If 2011 were a movie it would be called 2011: The Movie – Part II Of The Rise Of The Planet of The Apes Of The Moon 3D (in 4romascope). It would have more punctuation than characters, more dimensions than punctuation, and in all likelihood be prefixed with Green. It would be a kid’s film by Martin Scorsese, a superhero movie by Michael Gondry, a live action movie by Brad Bird and an animated movie by Steven Spielberg.

If 2011 were a movie it wouldn’t be as good as the book, the original or the trailer for Sucker Punch made it out to be. It would miscast Liam Neeson, boast too much Nicolas Cage, and at some point feature a fat character shaving his head and shitting into her dress. Worst of all, however, New Year’s Eve would kill the finale. And it would be inexplicably steampunk.

More importantly, however, if 2011 were a movie I would pay to see it. I would marvel at its melancholy, gasp at its production values and laugh unabashedly at its failure to kill Bono. It would be surprisingly heartfelt for a summer blockbuster, unexpectedly jaw-dropping for a low budget Norwegian flick, as funny as the TV show, and a fitting conclusion to a much loved franchise.

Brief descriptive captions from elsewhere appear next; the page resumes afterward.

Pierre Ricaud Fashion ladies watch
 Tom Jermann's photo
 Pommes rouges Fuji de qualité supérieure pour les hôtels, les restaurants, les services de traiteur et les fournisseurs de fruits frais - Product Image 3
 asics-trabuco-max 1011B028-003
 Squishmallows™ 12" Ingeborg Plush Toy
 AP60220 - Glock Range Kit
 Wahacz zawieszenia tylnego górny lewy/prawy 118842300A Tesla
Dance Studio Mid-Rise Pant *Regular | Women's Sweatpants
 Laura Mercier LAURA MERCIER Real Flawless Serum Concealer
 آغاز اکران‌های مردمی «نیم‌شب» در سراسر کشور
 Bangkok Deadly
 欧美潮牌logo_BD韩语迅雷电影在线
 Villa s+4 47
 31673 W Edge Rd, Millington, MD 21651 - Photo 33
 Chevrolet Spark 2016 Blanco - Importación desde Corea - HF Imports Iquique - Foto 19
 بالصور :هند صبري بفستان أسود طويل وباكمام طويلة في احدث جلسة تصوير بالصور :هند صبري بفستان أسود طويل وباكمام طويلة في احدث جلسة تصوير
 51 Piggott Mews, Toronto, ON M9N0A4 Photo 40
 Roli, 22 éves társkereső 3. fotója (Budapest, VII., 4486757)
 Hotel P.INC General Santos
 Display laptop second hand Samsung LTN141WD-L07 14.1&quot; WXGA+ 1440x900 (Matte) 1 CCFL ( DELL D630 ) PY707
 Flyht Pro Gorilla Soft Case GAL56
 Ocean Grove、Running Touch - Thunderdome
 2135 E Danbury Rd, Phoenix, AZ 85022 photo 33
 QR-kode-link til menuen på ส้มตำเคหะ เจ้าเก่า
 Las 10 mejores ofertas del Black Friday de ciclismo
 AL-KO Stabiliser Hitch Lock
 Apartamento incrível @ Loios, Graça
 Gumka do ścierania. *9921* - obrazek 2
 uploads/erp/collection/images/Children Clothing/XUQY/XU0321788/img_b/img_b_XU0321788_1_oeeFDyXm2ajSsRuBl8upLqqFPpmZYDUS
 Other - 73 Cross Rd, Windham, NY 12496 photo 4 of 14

If 2011 were a movie, 2012 would have a lot to live up to.

Fails of the Year – 2011

Forever wishing to give cinema the benefit of the doubt – especially as Mission Impossible: Ghost Protocol and The Girl With The Dragon Tattoo appear to be in such capable hands – I have decided to hold off on judging the year’s best films until I have had the opportunity to catch up on a few more. I feel no such responsibility with making similar conclusions regarding the year’s most unforgivable affronts to the medium of film, however, and with my predictions only proving partially accurate, a few glaring oversights coming back to bore me as the year drew on, here are the top ten movies that left me wishing I could have found my life’s driving passion in sport or music instead.

10. Apollo 18

While it is generally accepted that low-budget found-footage movies will delay the money shot until the last possible moment – when they know for sure how much money they have left to spend on it, no doubt – Apollo 18 takes this rule of thumb to the extreme. Divulging little more about its central trio than that they like barbeques and dislike accidentally rubbing jalapenio juice into their crotches, director Gonzalo Lopez-Gallego ensures that by the end of our tenure aboard the titular space ship alongside our fellow astronauts we are wishing we could finish them off ourselves. There is a reason we’ve never gone back to the moon, and it appears to be because it was so damn boring the last time.

9. Take Me Home Tonight

What is it about the 80s that provokes such unwavering nostalgia? With Hollywood throwing back with films such as The Rocker and Hot Tub Time Machine, there appears to be a perfectly renewable audience for movies that channel boomboxes, Farrah hair and Back to the Future. Starring Topher Grace, a particularly desperate looking Anna Farris and – in a turn of events that will no doubt turn the world inside out – an overweight comic actor who is even more hateful than Jack Black and Zach Galifianakis combined, this movie is aimed exclusively at the type of person who longs to have been alive in the 80s, where they could “do it” on a trampoline and solve all of life’s problems by riding a giant metal ball into a swimming pool – the director, then.

8. Bad Teacher

Much has been made of the similarities between Bad Teacher and curmudgeonly classic Bad Santa. To me, however, any such comparisons end swiftly with the titular prefix. Where the latter was subversive, witty and oddly charming, Bad Teacher is a one dimensional, derivative and woefully crass exercise in Bad Filmmaking. Cameron Diaz’s Halsey is a bad teacher because she makes her pupils watch TV instead of read books, because she dresses inappropriately at the sponsored car wash and because she plans her next boob-job when she should be marking papers. Hilarious, huh?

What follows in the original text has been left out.